## ASSIGNMENT
Your task is to copy the data exactly while leaving out every picture.
━━ RECORDED DATA ━━
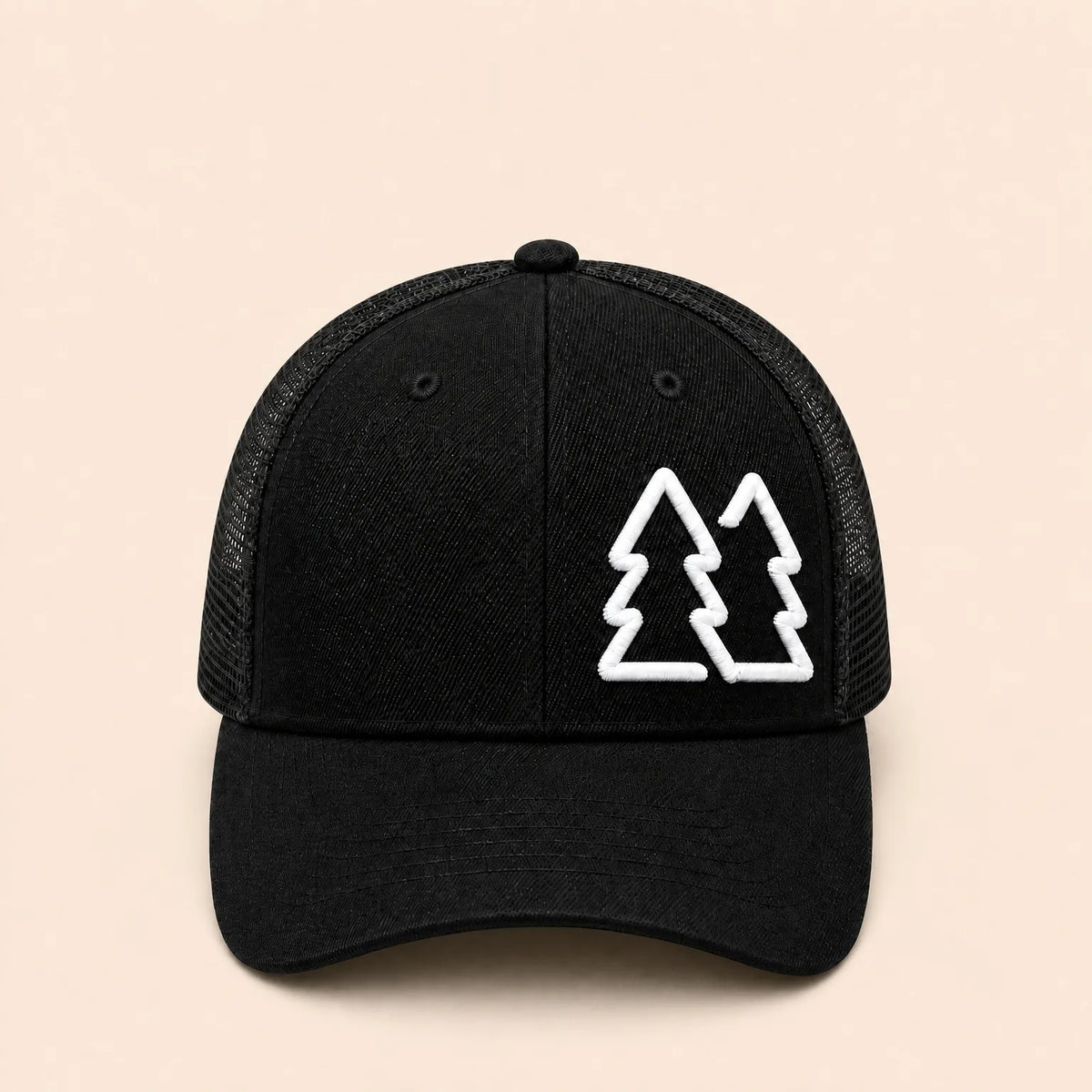 Casquette Vintage Brodée — coloris noir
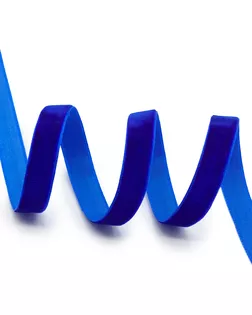 Лента бархатная 0081-1211 ш.1,2см (8571 синий) 32.9м арт. АРС-17285-1-АРС0000813833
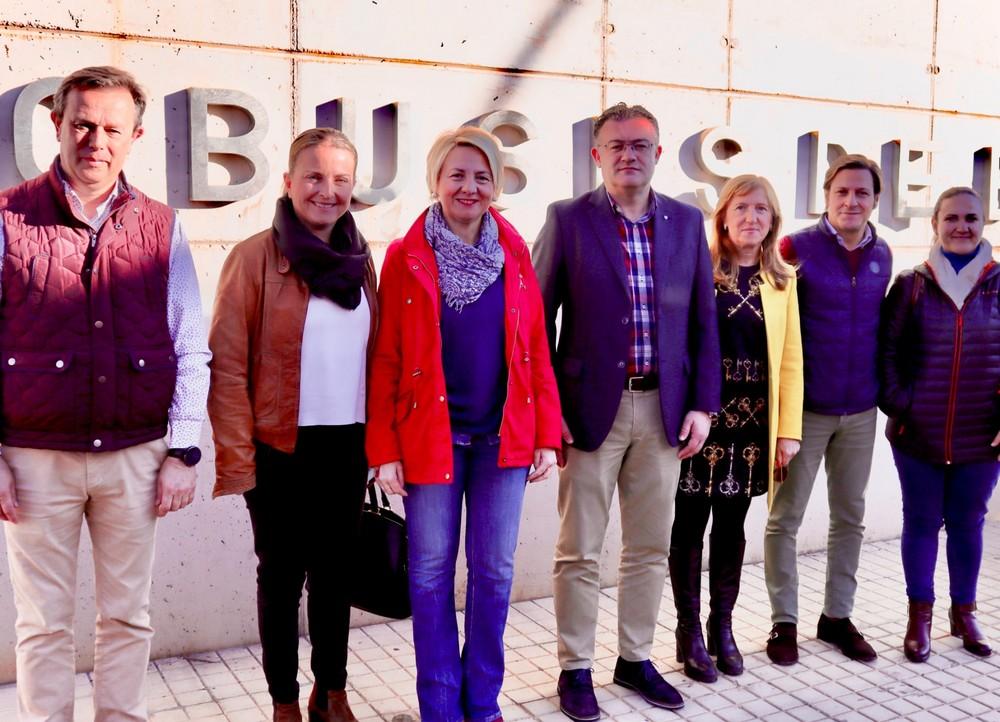 Fomento invierte 35.500 euros en la Estación de Autobuses de Berja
━━━
## SOLUTION BELOW
 Casquette Vintage Brodée — coloris noir
 Лента бархатная 0081-1211 ш.1,2см (8571 синий) 32.9м арт. АРС-17285-1-АРС0000813833
 Fomento invierte 35.500 euros en la Estación de Autobuses de Berja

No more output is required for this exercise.